Data.
══════════════════════════════
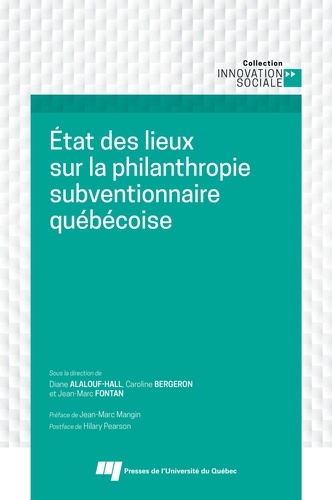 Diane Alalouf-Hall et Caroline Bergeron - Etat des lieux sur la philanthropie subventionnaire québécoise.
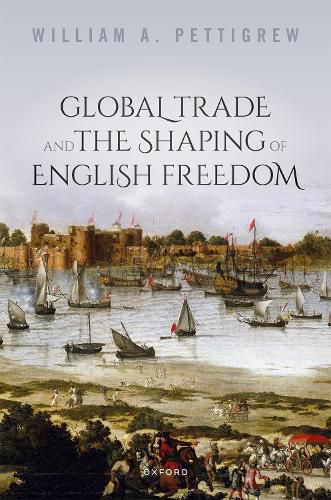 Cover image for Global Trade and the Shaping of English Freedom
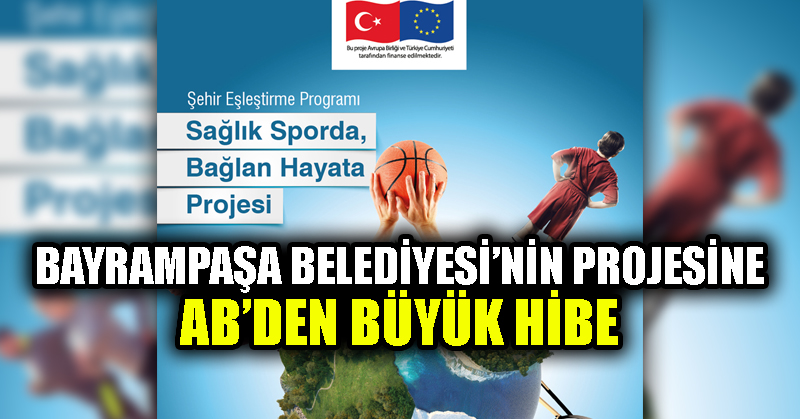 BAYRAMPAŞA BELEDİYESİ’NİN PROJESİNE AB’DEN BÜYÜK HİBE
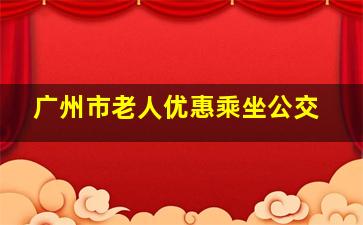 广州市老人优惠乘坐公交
══════════════════════════════
Work task. All of the listing should be transcribed exactly, but none of its images.

Solution.
 Diane Alalouf-Hall et Caroline Bergeron - Etat des lieux sur la philanthropie subventionnaire québécoise.
 Cover image for Global Trade and the Shaping of English Freedom
 BAYRAMPAŞA BELEDİYESİ’NİN PROJESİNE AB’DEN BÜYÜK HİBE
 广州市老人优惠乘坐公交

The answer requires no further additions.